Each year, more than 35,000 people die in automobile accidents on our nation’s roads. Approximately 90 percent of those accidents can be attributed to human error, which is why self-driving or automated vehicles (AVs) present an opportunity to make incredible gains in the safe movement of people and goods on our roads. South Dakotans are already familiar with automation, which has brought several economic, safety, and efficiency benefits to the agriculture sector, and I believe South Dakota also stands to benefit greatly from the deployment of AVs.
These vehicles have the potential to greatly improve mobility and quality of life for all Americans, especially the disabled and the elderly, whose mobility is often limited by a lack of viable transportation options. And this emerging technology will also allow planners to reimagine civic challenges and opportunities like parking and traffic flow, making roads safer and less congested.
Back in 2017, when I chaired the Senate Committee on Commerce, Science, and Transportation, I introduced the American Vision for Safer Transportation Through Advancement of Revolutionary Technologies – or AV START Act – which, if enacted, would provide the U.S. Department of Transportation (DOT) with new tools to safely test and deploy AVs.
AVs will only be able to operate safely when the companies developing them are certain these vehicles can safely react to driving situations we all encounter each day. That is why AV testing is so critical. It ensures AVs are capable of safely navigating roadways and constantly changing traffic conditions. DOT recently launched the Automated Vehicle Transparency and Engagement for Safe Testing, or AV TEST Initiative, to facilitate greater awareness and engagement by industry, consumers, and the general public as AV testing becomes increasingly prevalent across the nation.

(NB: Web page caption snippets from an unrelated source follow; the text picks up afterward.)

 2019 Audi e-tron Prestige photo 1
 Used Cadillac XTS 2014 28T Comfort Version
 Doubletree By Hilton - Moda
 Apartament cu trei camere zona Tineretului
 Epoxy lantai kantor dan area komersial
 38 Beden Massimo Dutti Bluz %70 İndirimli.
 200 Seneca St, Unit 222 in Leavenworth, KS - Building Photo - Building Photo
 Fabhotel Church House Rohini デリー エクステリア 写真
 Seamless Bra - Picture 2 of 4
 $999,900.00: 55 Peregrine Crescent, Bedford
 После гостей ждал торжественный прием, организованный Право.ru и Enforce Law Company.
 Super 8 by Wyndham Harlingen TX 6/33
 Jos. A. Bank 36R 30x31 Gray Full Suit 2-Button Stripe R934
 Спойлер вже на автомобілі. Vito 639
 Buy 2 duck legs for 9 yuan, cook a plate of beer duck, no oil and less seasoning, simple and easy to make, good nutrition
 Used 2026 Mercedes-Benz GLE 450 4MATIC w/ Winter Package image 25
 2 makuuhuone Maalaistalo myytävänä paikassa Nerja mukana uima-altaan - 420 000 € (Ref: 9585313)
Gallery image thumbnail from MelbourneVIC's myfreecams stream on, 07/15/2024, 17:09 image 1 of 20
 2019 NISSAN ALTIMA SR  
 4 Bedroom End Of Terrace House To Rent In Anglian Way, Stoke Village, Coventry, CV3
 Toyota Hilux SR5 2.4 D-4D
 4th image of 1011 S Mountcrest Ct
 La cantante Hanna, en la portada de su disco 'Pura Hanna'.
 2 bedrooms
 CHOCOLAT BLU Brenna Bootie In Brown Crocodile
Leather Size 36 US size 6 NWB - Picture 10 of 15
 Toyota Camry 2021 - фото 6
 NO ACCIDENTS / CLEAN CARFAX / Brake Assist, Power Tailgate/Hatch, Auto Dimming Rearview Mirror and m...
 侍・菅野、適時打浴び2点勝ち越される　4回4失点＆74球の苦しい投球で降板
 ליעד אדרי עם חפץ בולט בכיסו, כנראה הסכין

While Congress is often slow to react to new technologies, I remain committed to working in a bipartisan manner to ensure a strong legislative framework is put in place to promote the safe deployment of these vehicles. Any AV legislation should preserve the traditional roles of federal and state regulators, build on DOT’s current efforts to update regulatory requirements that were not written with AVs in mind, and continue to expand AV testing and data collection.
I’m optimistic the AV TEST Initiative will encourage the development of advanced solutions to improve vehicle safety, while providing necessary data to inform safe and nationally consistent rules for AVs. Importantly, this initiative will promote engagement by industry stakeholders and the public in the development of AV testing guidelines at the federal level.
This engagement is critical for acceptance of AVs by the general public and to ensure that we can all feel safe around AVs undergoing roadway testing. I’m glad that DOT launched this important initiative, and I look forward to continuing my efforts to harness the safety, quality of life, and economic benefits of this critical emerging technology.